(Work to complete): Restate the data word for word. Leave the pictures out.

(Exercise data):
◇ ◇ ◇ ◇ ◇ ◇ ◇

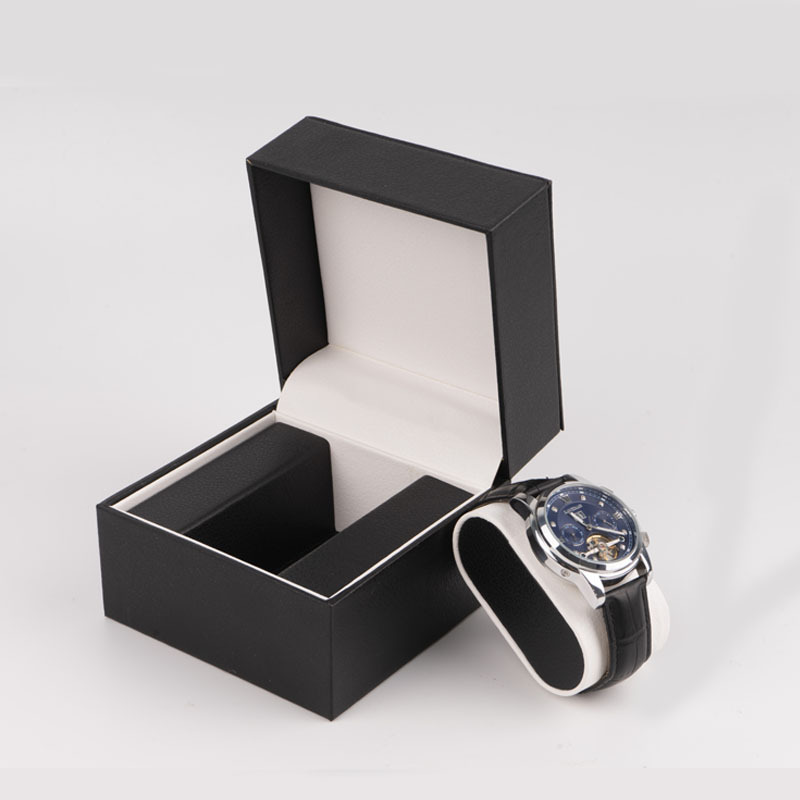 Boîte de montre en cuir PU de luxe en gros de fabricant de la Chine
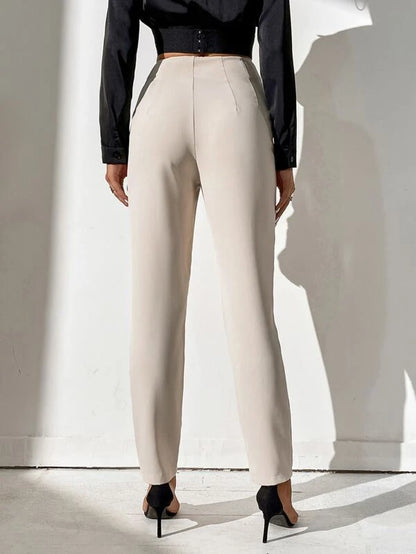 PANTALON DE VESTIR BEIGE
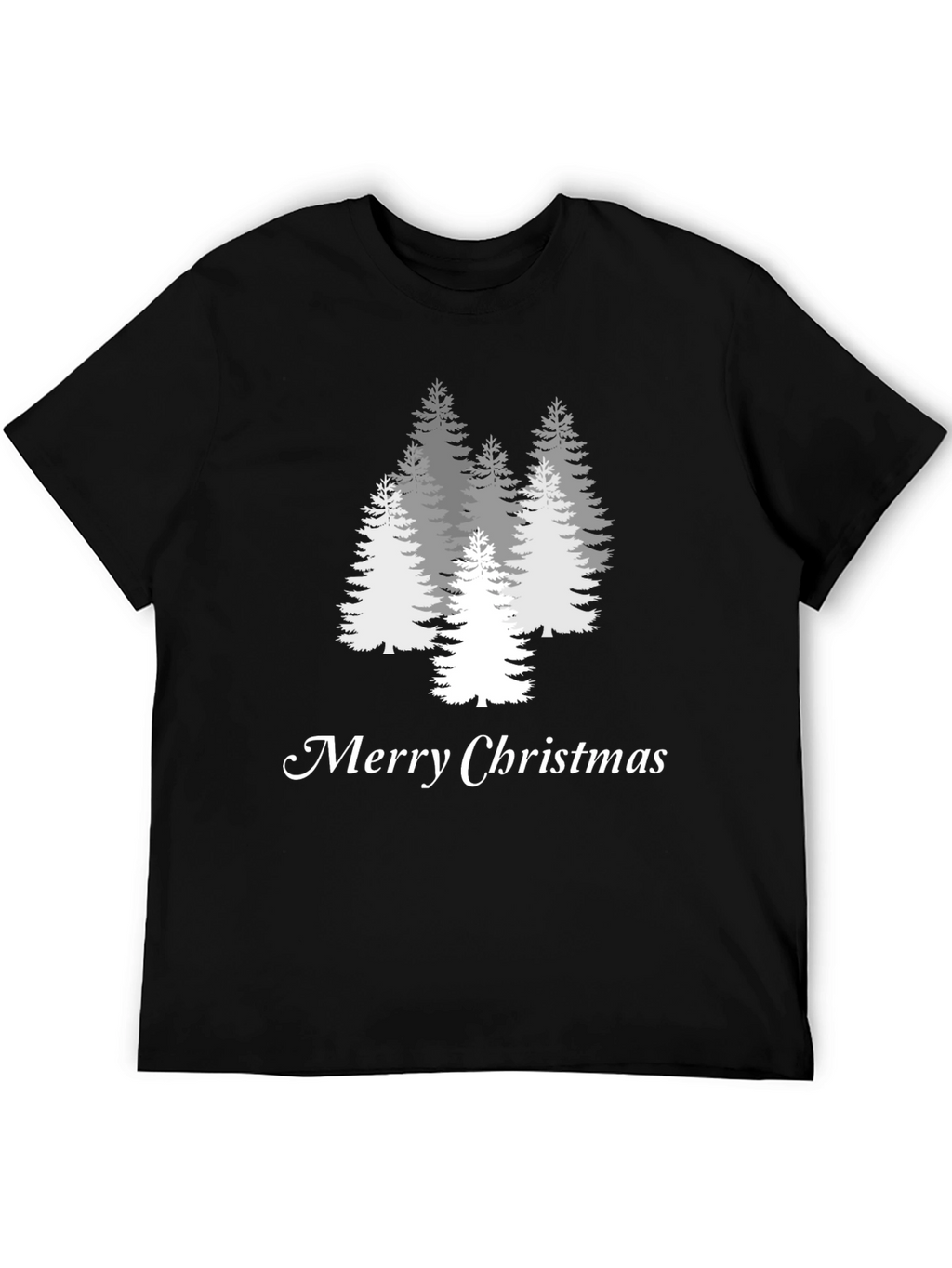 Merry Christmas Tree Graphic Tee - Holiday Style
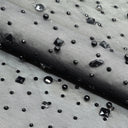Rhinestone Stretch Mesh Fabric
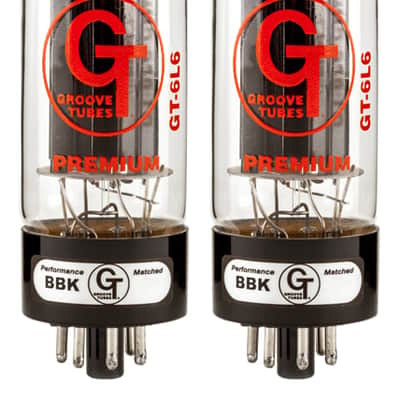 Groove Tubes GT-6L6-SD-M 6L6 Medium Performance Matched DUET/PAIR image 1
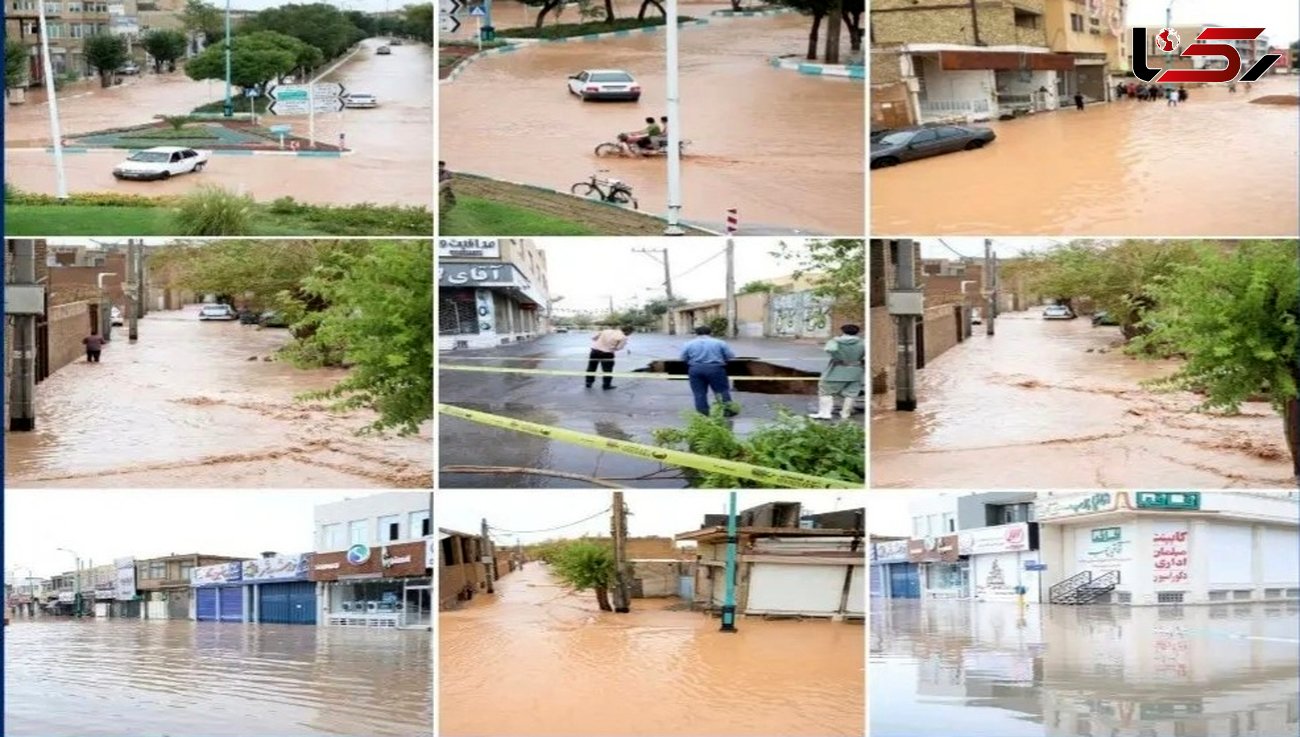 اولین عکس ها از بارش سیل آسا در شهر یزد /  زیرگذرها زیر باران مسدود شدند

◇ ◇ ◇ ◇ ◇ ◇ ◇

(Response):
 Boîte de montre en cuir PU de luxe en gros de fabricant de la Chine
 PANTALON DE VESTIR BEIGE
 Merry Christmas Tree Graphic Tee - Holiday Style
Rhinestone Stretch Mesh Fabric
 Groove Tubes GT-6L6-SD-M 6L6 Medium Performance Matched DUET/PAIR image 1
 اولین عکس ها از بارش سیل آسا در شهر یزد /  زیرگذرها زیر باران مسدود شدند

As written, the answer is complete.